Après ses longs déboires qui ont mené à ses ambitieux Snowpiercer, son brillant film international post-apocalyptique, et Okja, sa production pour la plateforme Netflix, Bong Joon-ho a décidé de retourner au bercail pour s’offrir un film bien à lui, son premier film entièrement coréen depuis le magistral Mother (Madeo), encore son meilleur film à ce jour. Un choix qui s’avère gagnant, puisque son long-métrage fait tourner toutes les têtes et attire l’attention partout où il passe, en plus d’être sur le point de devenir l’un des films coréens les plus marquants et accessibles à ne jamais avoir pris l’affiche.

C’est que cette fable en deux temps touche tout le monde. Ce rêve de l’inaccessible est facilement assimilable, et l’esprit trouble du cinéaste a juste ce qu’il faut de maîtrise et de trouvaille pour ne jamais ennuyer son spectateur.

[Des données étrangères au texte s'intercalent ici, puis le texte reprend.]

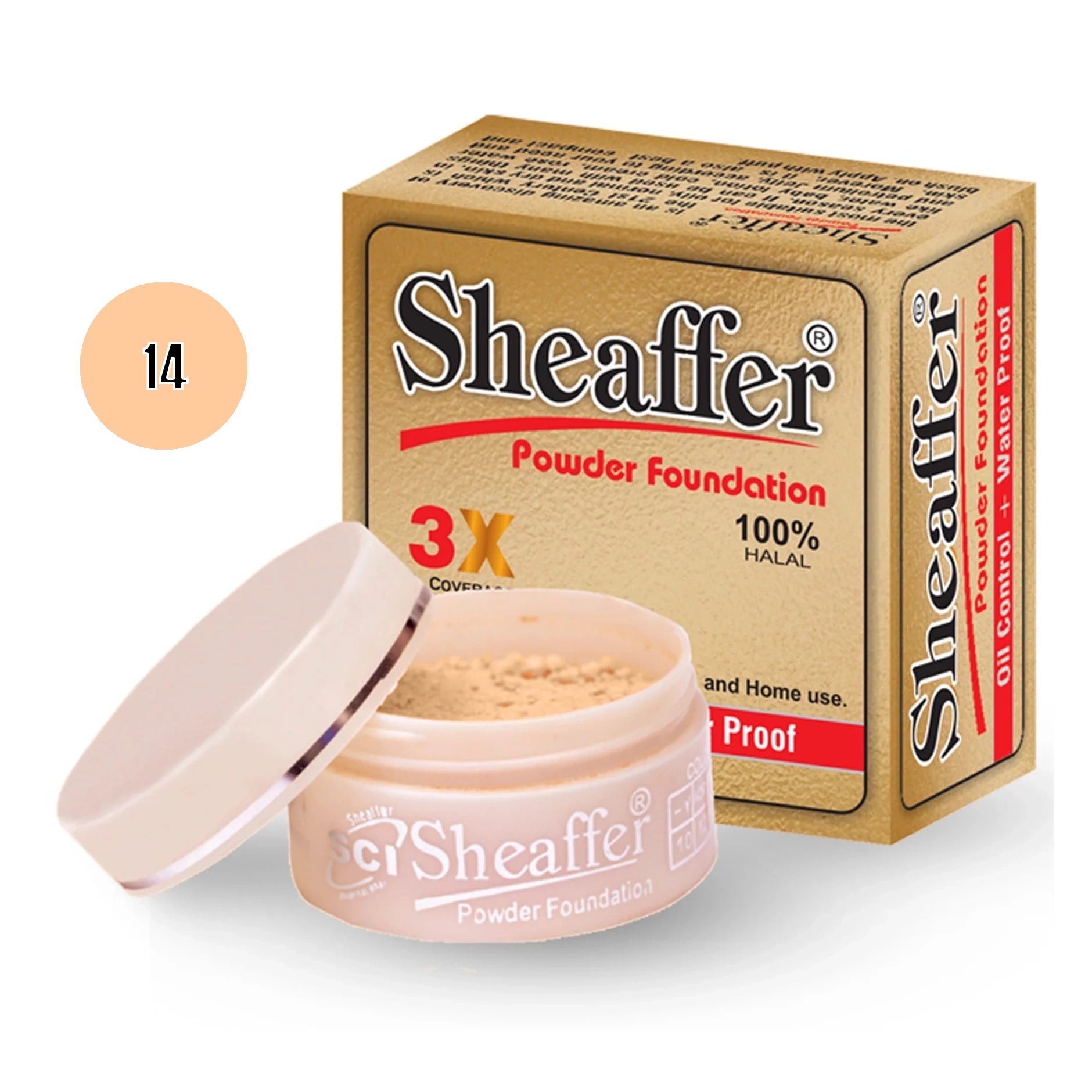 Sheaffer Powder Foundation Base 12 Shade - Retailershop - Online Shopping Center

Certes, la première partie est plus convenue que ce à quoi le cinéaste nous a habitués. C’est indubitablement vicieux, oui, mais on suit avec aisance cette famille de peu de moyens qui est prête à tout pour accéder aux ligues majeures, quand une opportunité unique se retrouve sur son chemin.

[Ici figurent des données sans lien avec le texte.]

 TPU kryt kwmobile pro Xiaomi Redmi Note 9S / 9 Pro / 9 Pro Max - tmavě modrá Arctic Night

En effet, un ami du fils de la famille propose de prendre sa place de tuteur dans une famille fortement aisée. Débutera alors tout un engrenage de ruses et de manipulations. Ce principe du levier et de l’élévation n’est pas nouveau pour le cinéaste, qui l’avait fait de manière beaucoup plus directe dans Snowpiercer, où la classe ouvrière essayait littéralement d’accéder aux riches en avançant dans les wagons du train qui ne s’arrête jamais.

Ici, bien sûr, tout y est plus subtil, et on prend judicieusement le temps de bien situer chacun des personnages, leurs traits, leurs forces, leurs faiblesses, leurs envies, etc. C’est à mi-chemin, toutefois, lorsque l’ensemble a priori infaillible commencera à se craqueler, que tout se mettra à dégénérer et que le brio du long-métrage n’en finira plus de détonner.

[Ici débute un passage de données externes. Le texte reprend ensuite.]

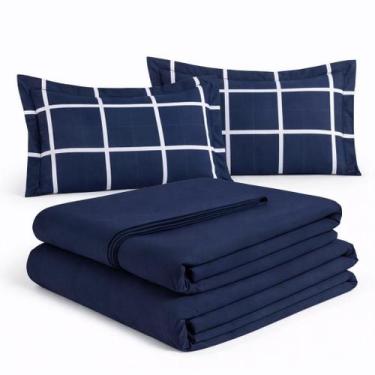 Imagem de Kit Jogo Lençol Roupa Cama Casal Padrao 5 Pçs Elastico Fronha 200 Fios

La pluie, habituellement utilisée au cinéma pour nettoyer les péchés, prendra une forme beaucoup plus menaçante ici en poussant littéralement le passé et ses secrets à remonter à la surface. La lutte des classes sera également prise au mot et on se lancera dans une succession de moments tendus qui réussiront à nous épater.

On le sait, chez Bong, la famille est essentielle, et ce n’est pas pour rien qu’il a finalement décidé de renouer avec le grand acteur Song Kang-Ho pour interpréter de nouveau un patriarche fort, plus de dix ans après l’excellent The Host (Gwoemul). Ses personnages ont également l’habitude d’être acharnés et entêtés, en plus d’être prêts à tout pour sauver leur proche, ce qui est définitivement encore le cas ici.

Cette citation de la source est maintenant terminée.